_Records to process_.
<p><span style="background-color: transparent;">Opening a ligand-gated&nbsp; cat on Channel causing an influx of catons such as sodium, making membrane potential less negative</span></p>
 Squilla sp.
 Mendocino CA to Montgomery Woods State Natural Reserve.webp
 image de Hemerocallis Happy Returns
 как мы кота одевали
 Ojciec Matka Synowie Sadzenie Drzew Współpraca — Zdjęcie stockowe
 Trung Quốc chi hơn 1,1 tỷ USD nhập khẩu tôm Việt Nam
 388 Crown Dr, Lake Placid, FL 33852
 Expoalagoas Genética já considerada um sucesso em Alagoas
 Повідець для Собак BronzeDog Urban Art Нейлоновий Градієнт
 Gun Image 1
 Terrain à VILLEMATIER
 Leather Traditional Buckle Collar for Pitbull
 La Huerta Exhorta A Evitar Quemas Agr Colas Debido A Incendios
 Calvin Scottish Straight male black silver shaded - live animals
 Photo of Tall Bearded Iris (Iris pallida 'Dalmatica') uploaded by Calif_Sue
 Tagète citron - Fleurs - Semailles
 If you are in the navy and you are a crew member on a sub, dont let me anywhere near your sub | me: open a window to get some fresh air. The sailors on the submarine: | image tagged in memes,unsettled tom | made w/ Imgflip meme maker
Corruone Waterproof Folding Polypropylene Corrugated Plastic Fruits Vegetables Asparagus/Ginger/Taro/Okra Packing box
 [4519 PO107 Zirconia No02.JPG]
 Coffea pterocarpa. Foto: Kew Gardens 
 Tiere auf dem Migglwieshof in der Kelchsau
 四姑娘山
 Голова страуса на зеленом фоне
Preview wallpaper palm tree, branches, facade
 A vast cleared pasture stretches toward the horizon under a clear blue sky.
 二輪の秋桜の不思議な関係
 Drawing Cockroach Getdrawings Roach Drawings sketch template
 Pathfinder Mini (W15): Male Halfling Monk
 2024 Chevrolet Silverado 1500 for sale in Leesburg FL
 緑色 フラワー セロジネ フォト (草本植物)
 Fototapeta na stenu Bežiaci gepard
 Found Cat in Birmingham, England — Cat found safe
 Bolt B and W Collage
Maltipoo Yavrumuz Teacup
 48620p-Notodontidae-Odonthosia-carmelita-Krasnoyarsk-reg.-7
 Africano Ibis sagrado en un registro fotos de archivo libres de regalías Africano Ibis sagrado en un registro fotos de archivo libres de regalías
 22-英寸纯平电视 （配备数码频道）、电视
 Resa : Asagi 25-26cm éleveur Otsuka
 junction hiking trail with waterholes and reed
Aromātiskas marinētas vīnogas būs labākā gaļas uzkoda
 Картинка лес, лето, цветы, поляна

_Problem description_.
Your task is to transcribe, with no changes, only the lines of the listing above that lie between the line holding "Tagète citron - Fleurs - Semailles" and the line holding "Preview wallpaper palm tree, branches, facade", inclusive.

_Exercise output_.
 Tagète citron - Fleurs - Semailles
 If you are in the navy and you are a crew member on a sub, dont let me anywhere near your sub | me: open a window to get some fresh air. The sailors on the submarine: | image tagged in memes,unsettled tom | made w/ Imgflip meme maker
Corruone Waterproof Folding Polypropylene Corrugated Plastic Fruits Vegetables Asparagus/Ginger/Taro/Okra Packing box
 [4519 PO107 Zirconia No02.JPG]
 Coffea pterocarpa. Foto: Kew Gardens 
 Tiere auf dem Migglwieshof in der Kelchsau
 四姑娘山
 Голова страуса на зеленом фоне
Preview wallpaper palm tree, branches, facade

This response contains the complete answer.